Back at the homestead we boil a monster pot of water with bay leaf and peppercorns and drop our friends in for 12-14 minutes. I leave them in a sink to cool down before the long task of cleaning and cracking and picking. There is an art to this and if you’re a newbie, you’ll want to google some instructions. At the end you’ll have a big pile of crab meat. I got about 30 crab balls out of six crabs. You do the math.
At last we make the cakes. But I said balls. What gives? I’ve discovered this year that I think I prefer a round crab cake in a ball over the traditional form. It looks better and the pent up steam inside billows as you cut into them. Moreover, the crust to crab ratio seems ideal. Here’s the drill:
In a large bowl toss your crabmeat gently (you don’t want to break it up too much so you get big hunks of claw meat in every bite) with enough good mayo and a little sour cream (this year I tried Greek Yogurt instead and it was AMAZING) to wet the crab but not drown it. Add a few dashes of worchestershire and tabasco (enough to taste but not overpower). Then some dijon mustard (a spoonful or more, depending on your preference, but again don’t overpower). Next throw in some chopped green onions, a lot of them – don’t be shy here. This is the best contrast flavor to the crab. If you are making more than a crab’s worth, I would add about an egg for every two crabs. The binding becomes necessary when cooking in quantity. Then, add some panko breadcrumbs, enough to give the batter some stick to it. It should hold it’s shape for frying. Salt and pepper to taste.

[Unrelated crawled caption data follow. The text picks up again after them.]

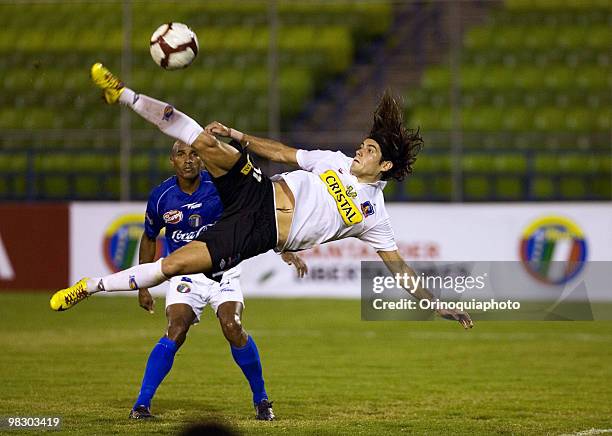 Ezequiel Miralles of Chile's Colo Colo jumps for kick the ball against of Deportivo Italia during their match as part of 2010 Libertadores Cup on...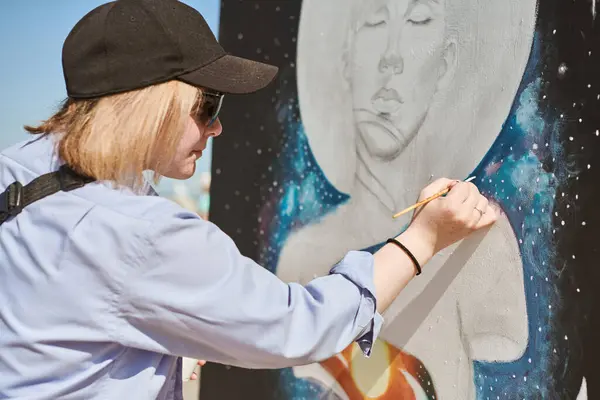 stock image Young female painter in black cap and sunglasses passionately paints picture with paintbrush for outdoor street exhibition, female artist engrossed in creating vibrant artwork at bright sunny day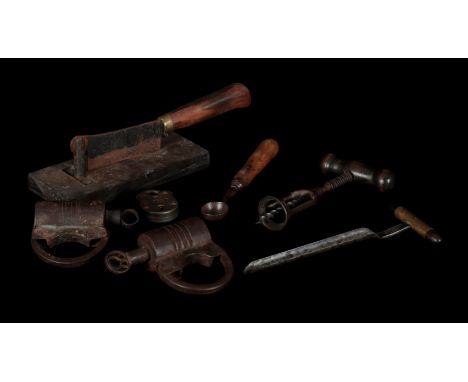 A SMALL GROUP OF TOOLS AND METALWARE including two 19th century padlocks, another padlock, a 19th century corkscrew, a corer,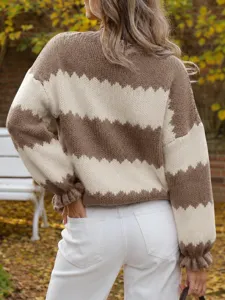 Back view detail of women's color-blocked knit sweater with long sleeves and cozy texture.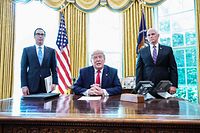 US President Donald Trump meets with US Vice President Mike Pence(R) and US Secretary of Treasury Steven Mnuchin at the White House on June 24, 2019, before signing 'hard-hitting sanctions' on Iran's supreme leader. (Photo by MANDEL NGAN / AFP)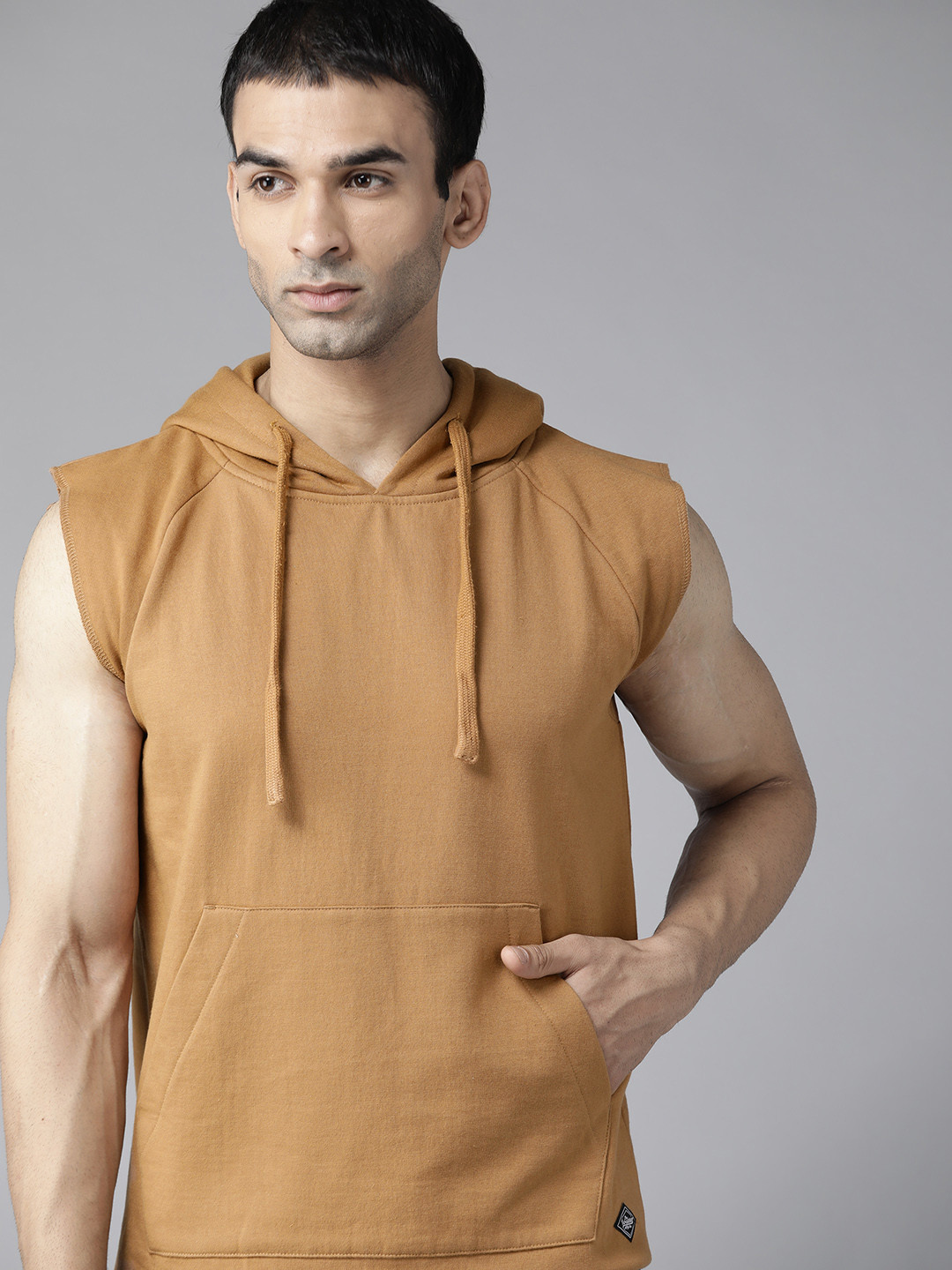 

Roadster Men Brown Solid Hooded Sweatshirt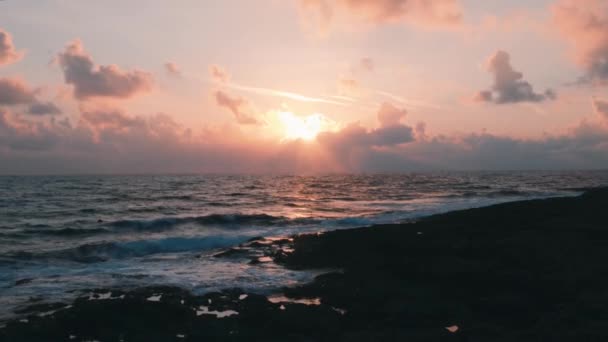 夕日が雲の後ろに隠れている。海辺の美しいピンクの夕日。岩の多い海岸の美しい日没。ピンクの夕日と岩のビーチでロマンチックな夜。ピンクの空に対する岩のビーチのシルエット. — ストック動画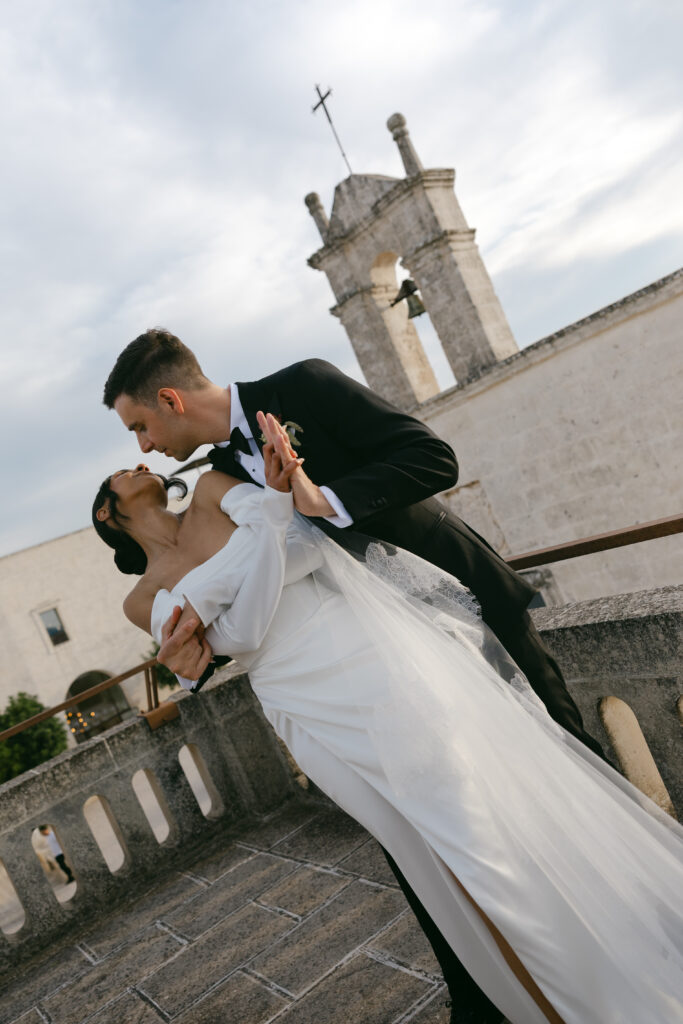 Bride and groom sharing a kiss on the terrace at Masseria Amastuola in Puglia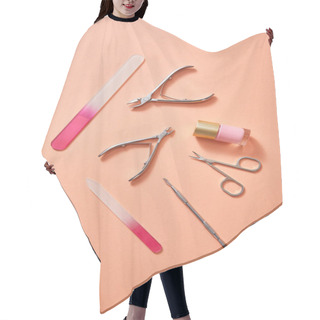 Personality  Top View Of Manicure Instruments And Bottle Of Pink Nail Polish On Coral Background Hair Cutting Cape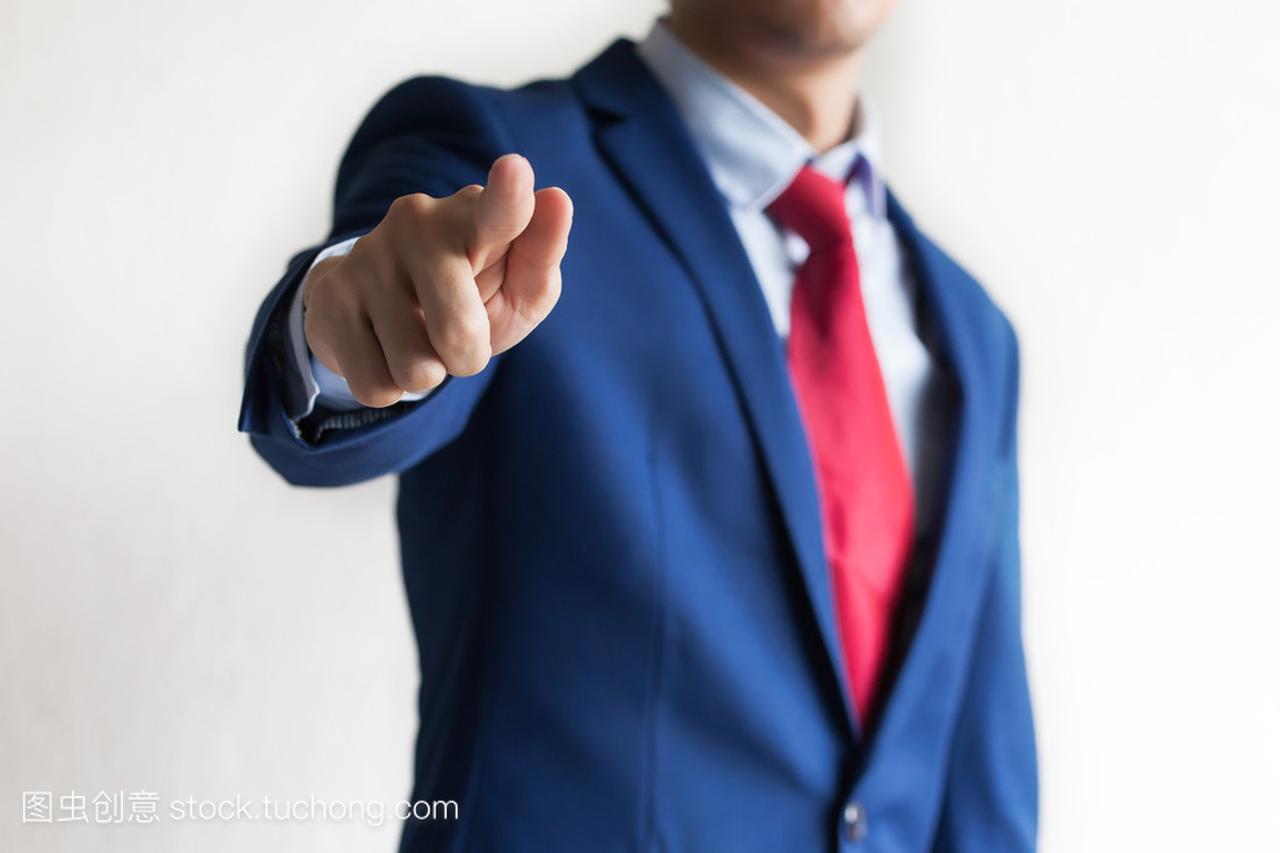 Confident business manager pointing at 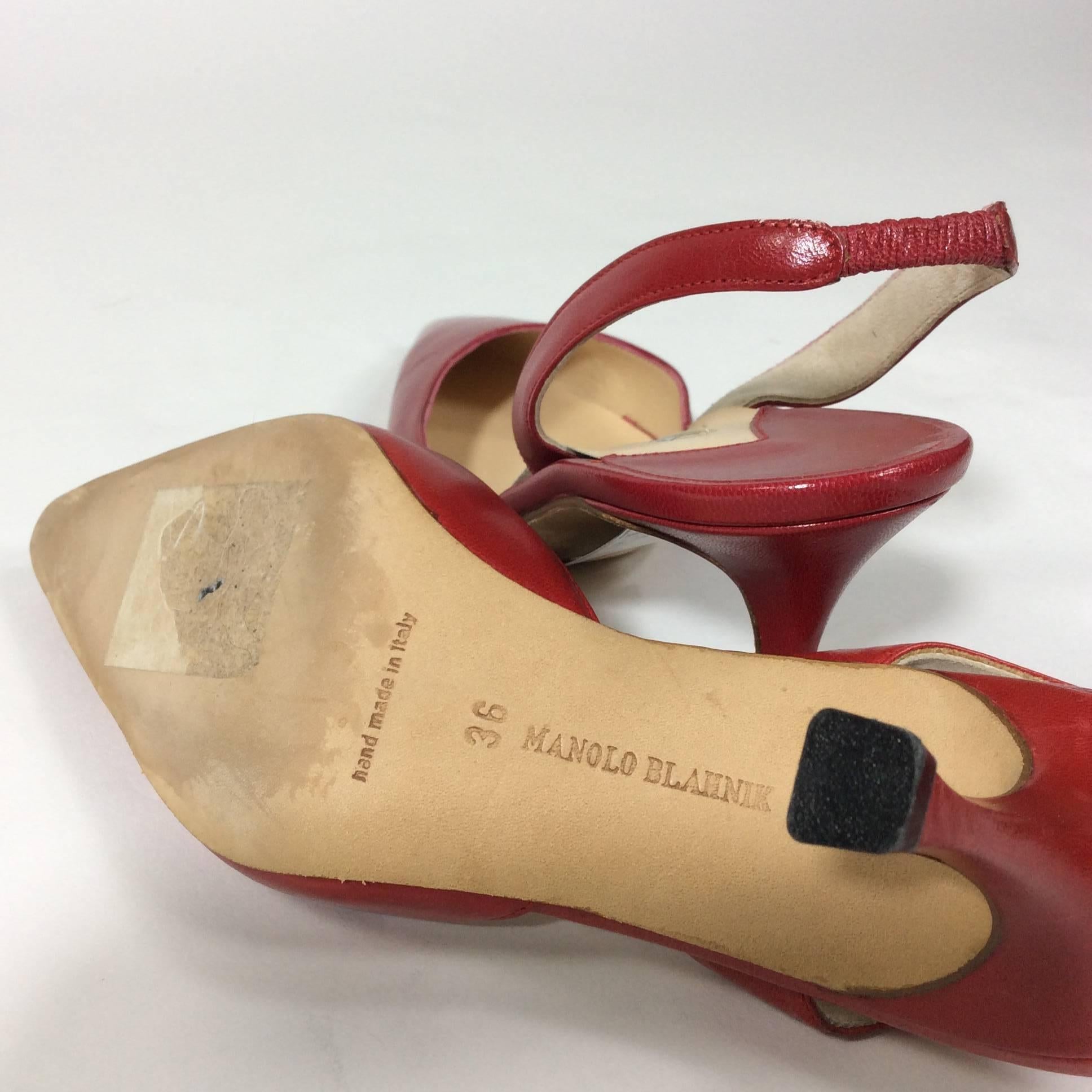 Manolo Blahnik Red Pointed Heels with Heel Strap with a 2 inch heel. Size is a 36 which equates to a 6 as the size runs small. Shoe is in great condition with minimal wear on the sole.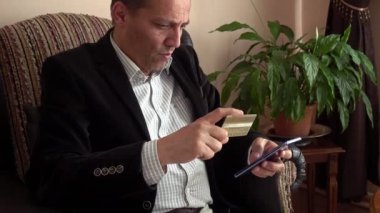 Zeki, yakışıklı, orta yaşlı bir adam kredi kartına bakıyor ve evden online alışveriş için telefonunun şifresini giriyor.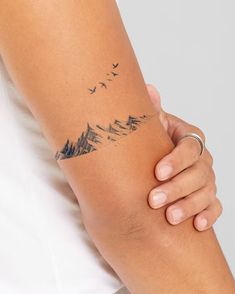 a woman's arm with a tattoo on it that has mountains and birds flying in the sky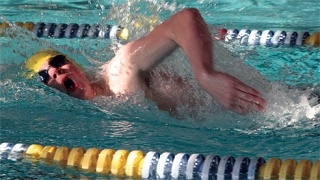 Tyler Schell swim to victory in the 200 freestyle. The Oak Harbor sophomore has qualified for the Class 4A state meet in the 100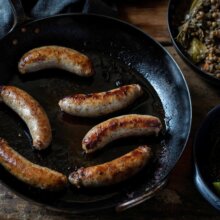 Coarse sausages, lentils & cavolo nero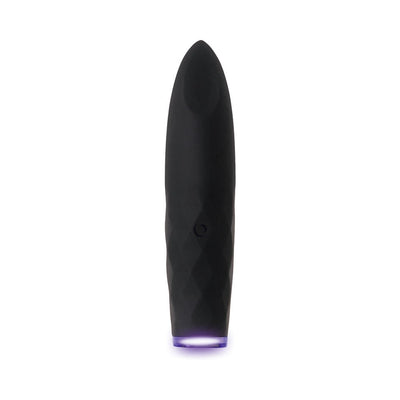 Black rechargeable silicone bullet vibrator with textured surface and glowing purple light at base.
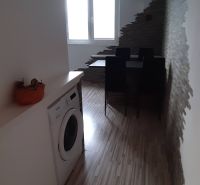 Étkező sarok fa mintás padlóval, mosógéppel és érdekes fallal egy kétszobás lakásban.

I like to use a butter and oil blend. Olive oil alone would be fine. Form the cakes into golf balls. Then roll them in panko to create a crust. Cook them over medium high flame until the brown and rotate them multiple times to get all sides brown. Handle them carefully as they will fall apart without much effort. Because you are cooking on multiple sides, as opposed to two with a traditional cake, I feel the insides cook better and have a steamy quality.
I served this year’s cakes on a strip of pureed red pepper and horseradish sauce. You can do whatever suits you. Make sure to have a citrus (lemon or lime) wedge. Serve em hot. At least a half dozen of our guests this year said these were the best crab cakes they ever ate. It might have been the freshness. Perhaps the recipe is that good. Maybe they were just too damn drunk to know. So, the moral of the story is to serve tequila with your crab and you too might be the star of the night!